* **PROBLEM DETAILS**
Only the lines of the listing below that run from the line with "Cuban male lizard" through the line with "Five Vineyard" are to be set down, word for word. Pictures stay out.

(MATERIAL TO PROCESS Opens)

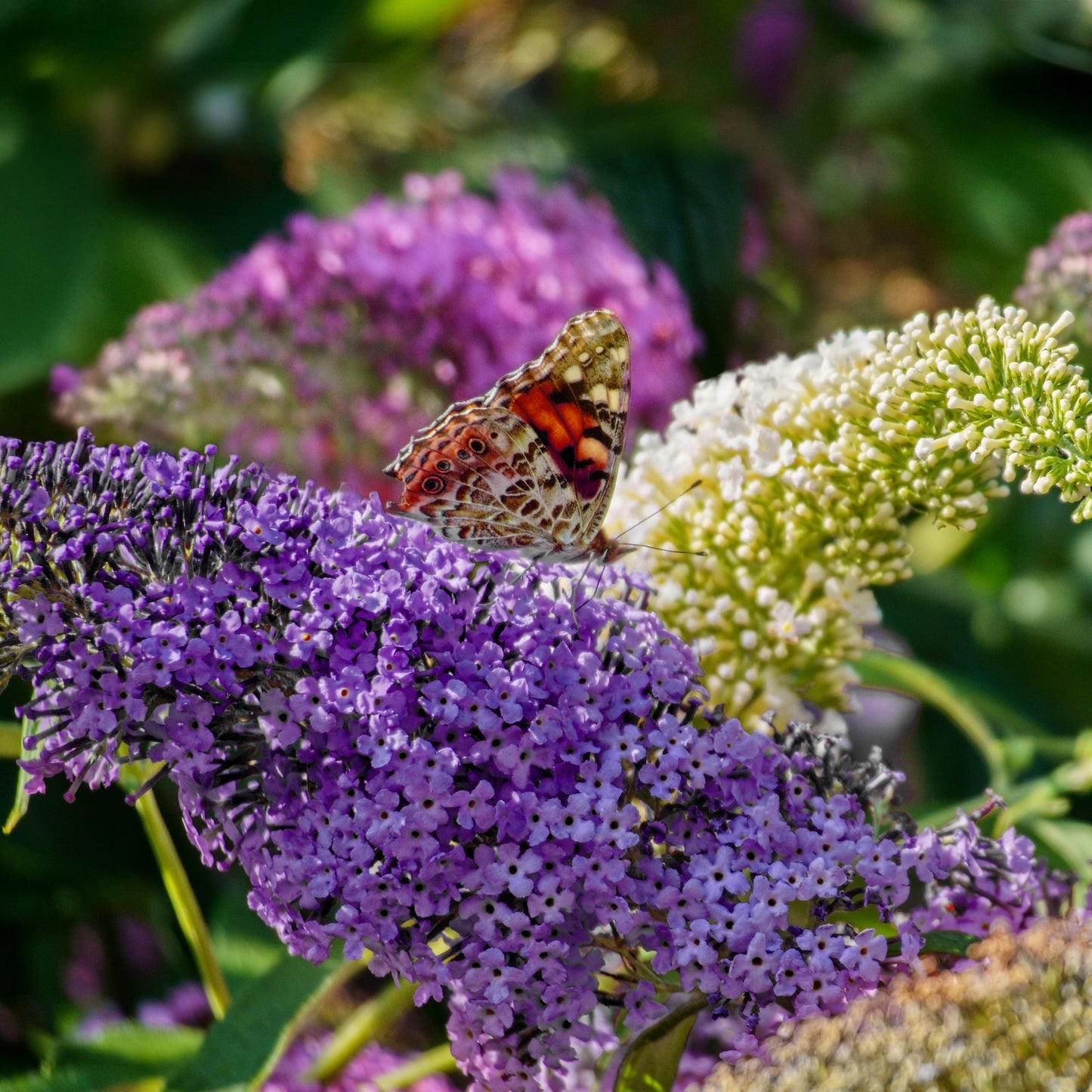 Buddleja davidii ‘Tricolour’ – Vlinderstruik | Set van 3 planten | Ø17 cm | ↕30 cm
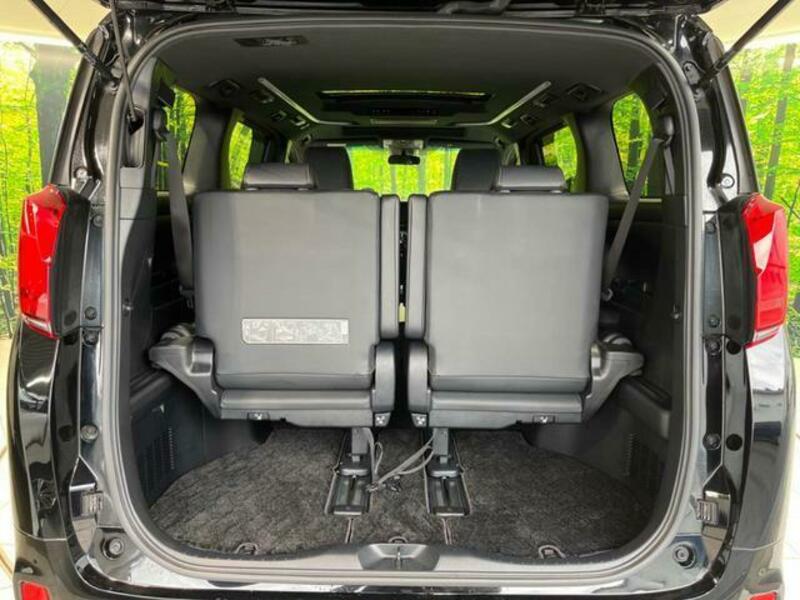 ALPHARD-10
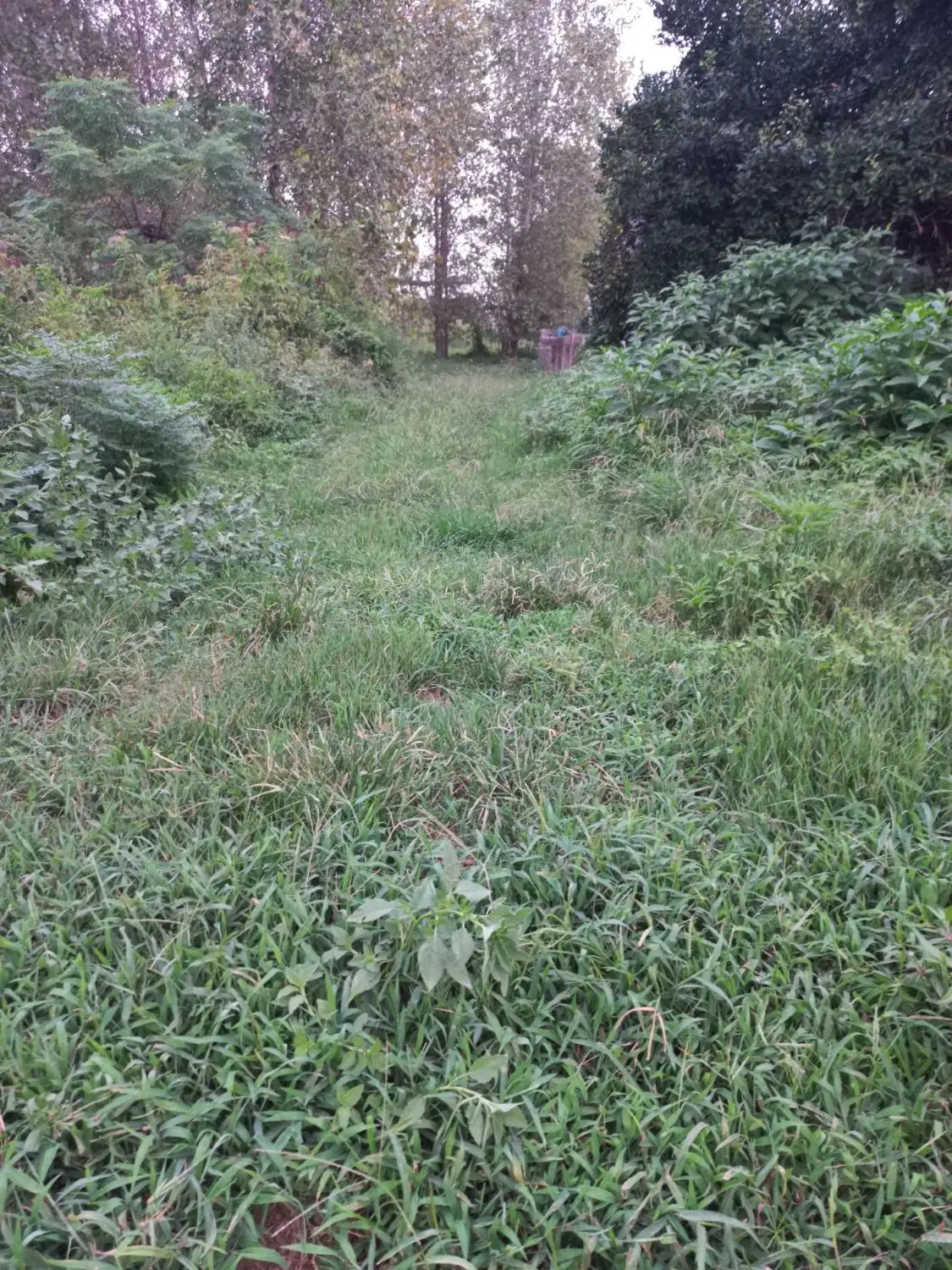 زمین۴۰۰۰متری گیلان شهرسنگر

(MATERIAL TO PROCESS Closes)
(MATERIAL TO PROCESS Opens)

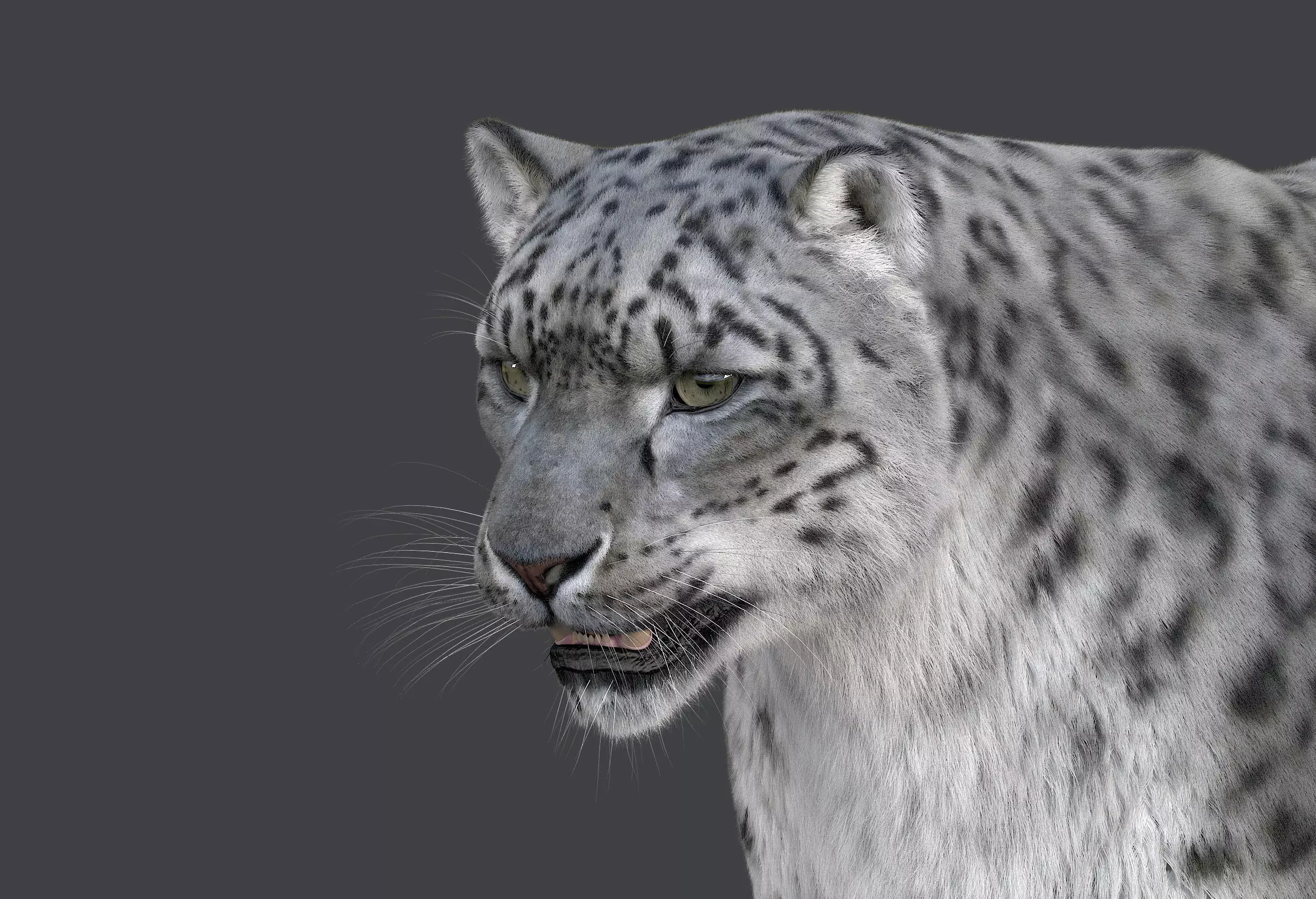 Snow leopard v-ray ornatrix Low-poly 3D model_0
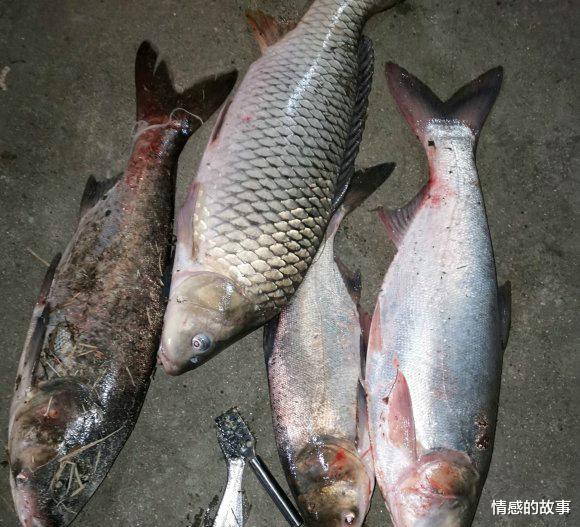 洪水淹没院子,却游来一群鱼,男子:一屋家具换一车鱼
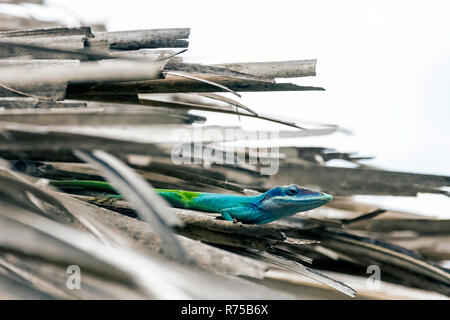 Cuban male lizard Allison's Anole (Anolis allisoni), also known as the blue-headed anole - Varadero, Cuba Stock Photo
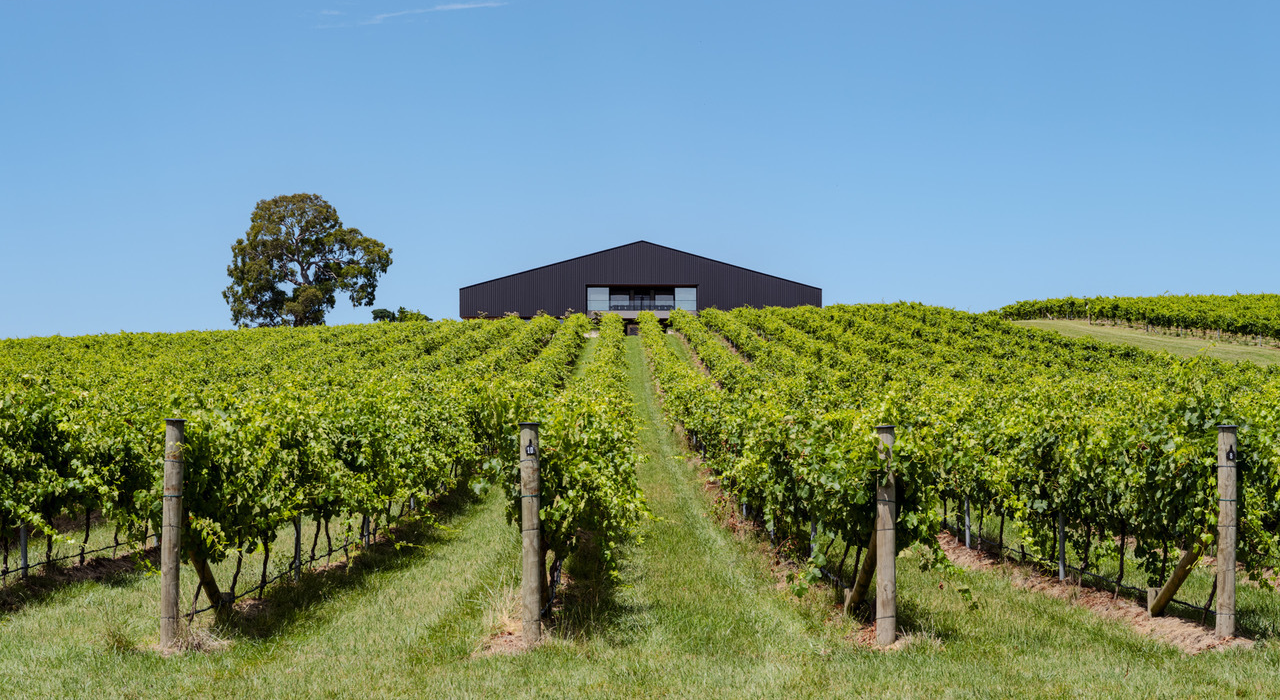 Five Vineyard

(MATERIAL TO PROCESS Closes)
(MATERIAL TO PROCESS Opens)

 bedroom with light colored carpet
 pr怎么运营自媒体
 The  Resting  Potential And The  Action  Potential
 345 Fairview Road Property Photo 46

(MATERIAL TO PROCESS Closes)

* **TASK OUTPUT**
 Cuban male lizard Allison's Anole (Anolis allisoni), also known as the blue-headed anole - Varadero, Cuba Stock Photo
 Five Vineyard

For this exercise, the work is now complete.